Here's an article about it.

Now,  let's take a detour and understand the roots of M.L.
So, basically, the term "Machine Learning" was coined by Arthur Lee Samuel in 1959, the year he devised his famous Checkers-playing program. He basically recorded every move he made for every state while playing checkers into the machine and taught the machine to learn the most appropriate move for the current state of the game. After some time, the program surpassed his ability and defeated him.

Now, there is a general saying that,
"The program is as smart as it's program".
It certainly proves to be wrong in such cases.

According to Samuel, he defined Machine Learning as "the field of study that gives computers the ability to learn without being explicitly programmed."

A more formal and technical definition states that, "A computer program is said to learn from experience E with respect to some class of tasks T  and performance  measure P, if it's performance at those tasks T, as measured by P, improves with Experience E."

Yeah, I know, it will take a moment to understand it. But it is the best definition you can encounter.

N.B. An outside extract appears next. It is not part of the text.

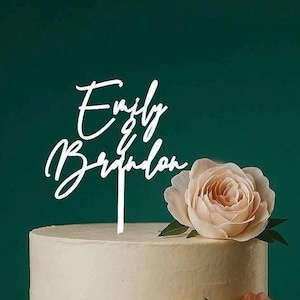 Personalisierter Hochzeitstortenstecker mit Vornamen - Name Design Personalisierter Paar-Topper - Eleganter personalisierter Kalligraphie-Topper für Hochzeiten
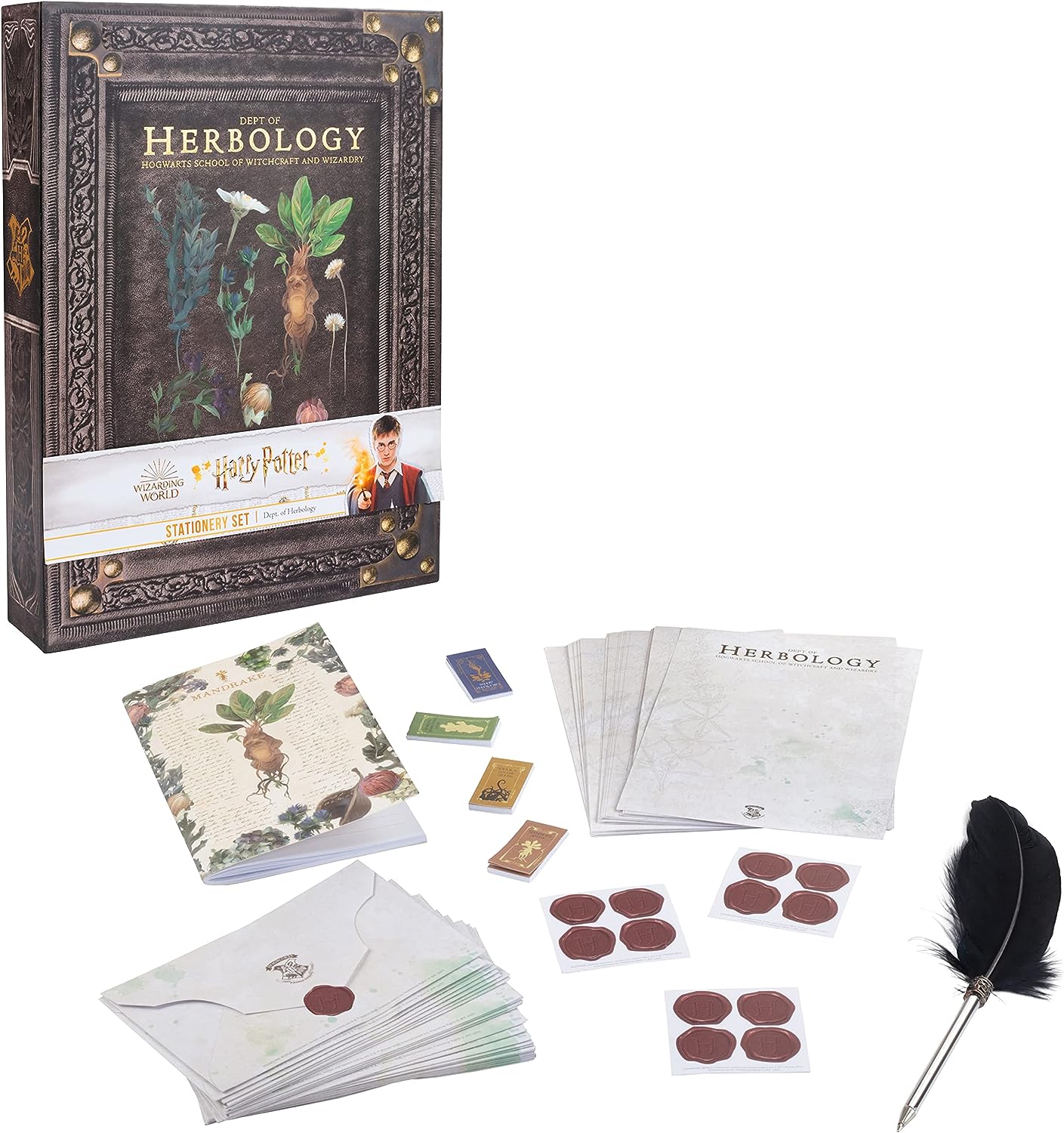 Harry Potter Herbology Stationery Set in Letter Box - Cards, Paper, Envelopes, Stickers & Quill Pen - Vintage Style Illustrations - Officially Licensed - Back to School Gift for Kids, Teens & Adults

Let's understand it for a moment with some example.
Let's say there is some task, like predicting the age of a person on the basis of the picture.
So now T=Predicting the Age.
Now, we feed some training data to our Machine, of various pictures and their respective age.
So now E=Various pictures and their respective ages.
Now we somehow device an algorithm which basically extracts important features and performs some computations and predicts the age of the person.
So P= the accuracy of our program in predicting the correct age.

So by definition, our machine is said to be learning, if the accuracy(P) of predicting the age(T) correctly, increases with time as our machine get's more and more data(E).

If you can't relate to it, try finding out the E,P,T for some basic Machine Learning examples like spam classification and this Checkers game.

Moving ahead, we can divide the type of Machine Learning algorithms based on the type of Data provided to us. It is mainly divided into two categories, Supervised and Unsupervised Learning. Several new types of Machine Learning algorithms have emerged known as Reinforcement Learning, Deep Learning etc. But basically, Supervised and Unsupervised form the basis of them all.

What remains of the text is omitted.